Editor’s Note: October 2008
Author: M.Washo Editor-in-Chief | Photographer: photography by anne
I often feel that I lead a somewhat selfish existence. The only creature I have to look after is my dog, and his needs are somewhat minimal. I look at my sister with three children, a cat, a puppy and a full-time job and wonder how in the world she manages to pull it all off—with any bit of her sanity in tact. Did I mention she is my younger sister?
It was with these thoughts on my mind that I decided to participate in Challenge Day, a three-day program that recently took place with the eighth grade students of Hilton Head Middle School. As any editor of any magazine, I receive calls all day, every day, asking for space in the magazine to tell this story or that. Most are for charity events, some are for personal benefit, and some are just to make the public aware of something that is relevant to our community.
Kim Gartner, a science teacher at Hilton Head Middle School, called to ask if CH2 would be interested in covering the story, but she also asked if we would participate as “adult facilitators” of the day (see story on page 94). We did. Paul deVere, Morgan O’Banion and I woke up at 6 a.m. (at which point I was already feeling empathetic towards the plight of eighth graders) to be at the school by 7:30 a.m. We didn’t really know what exactly to expect—and I think all three of us got more than we bargained for.
I’ll be the first to admit that I have led a somewhat sheltered life. Raised in a small town in upstate NY with a very close, big (seven of us!), and religious family, most of the things teenagers are dealing with today are things I didn’t even come into contact with until I was in my twenties. Drugs, alcohol, violent death of loved ones, racism, sex. And we live on Hilton Head Island. Not New York City. It was an eye-opener, to say the least.

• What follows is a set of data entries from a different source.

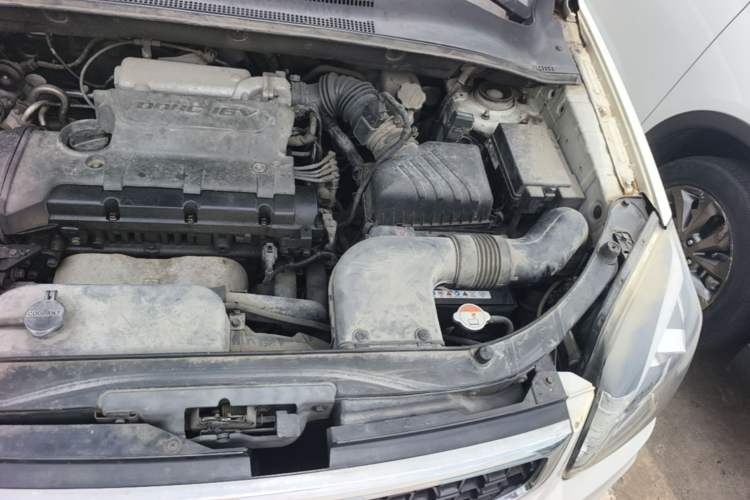 Used Kia Sportage 2013 2.0L Automatic Two-Wheel Drive GLS Trim Engine Bay Left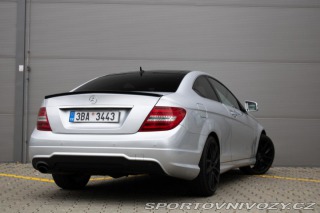 Mercedes-Benz C  2011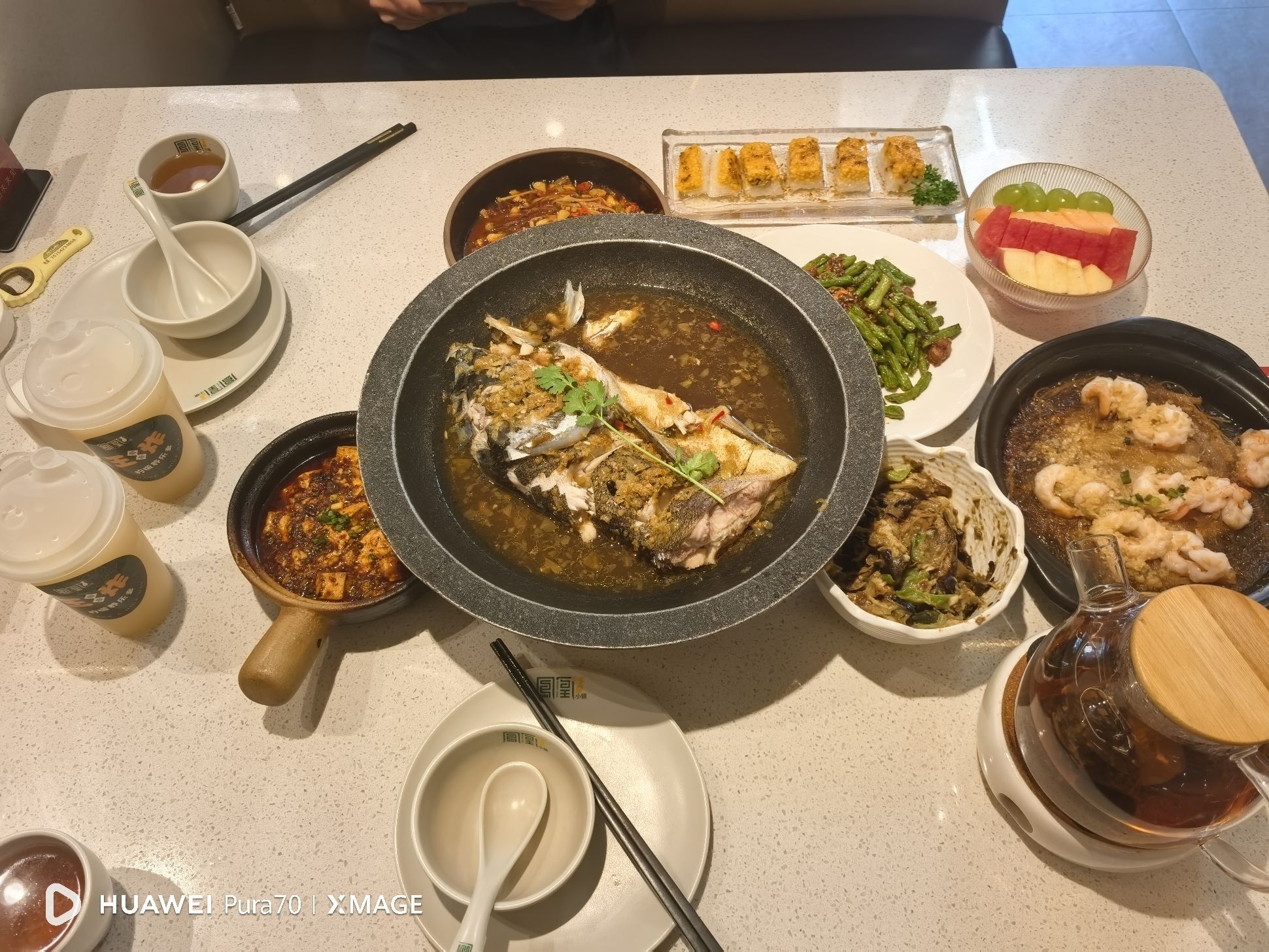 凤凰小镇土家菜(朝阳市人事代理中心北慕容街店)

My heart went out to the young people we met that day, and I think Challenge Day might have touched me as much as it (hopefully) did them. I left the school feeling emotionally exhausted, with a new respect for the teachers that are not only teaching today’s children how to read and write, but are acting as guidance counselors, parents and friends to their kids as well.
I would like to thank everyone at the Hilton Head Middle School for inviting me to share Challenge Day with you.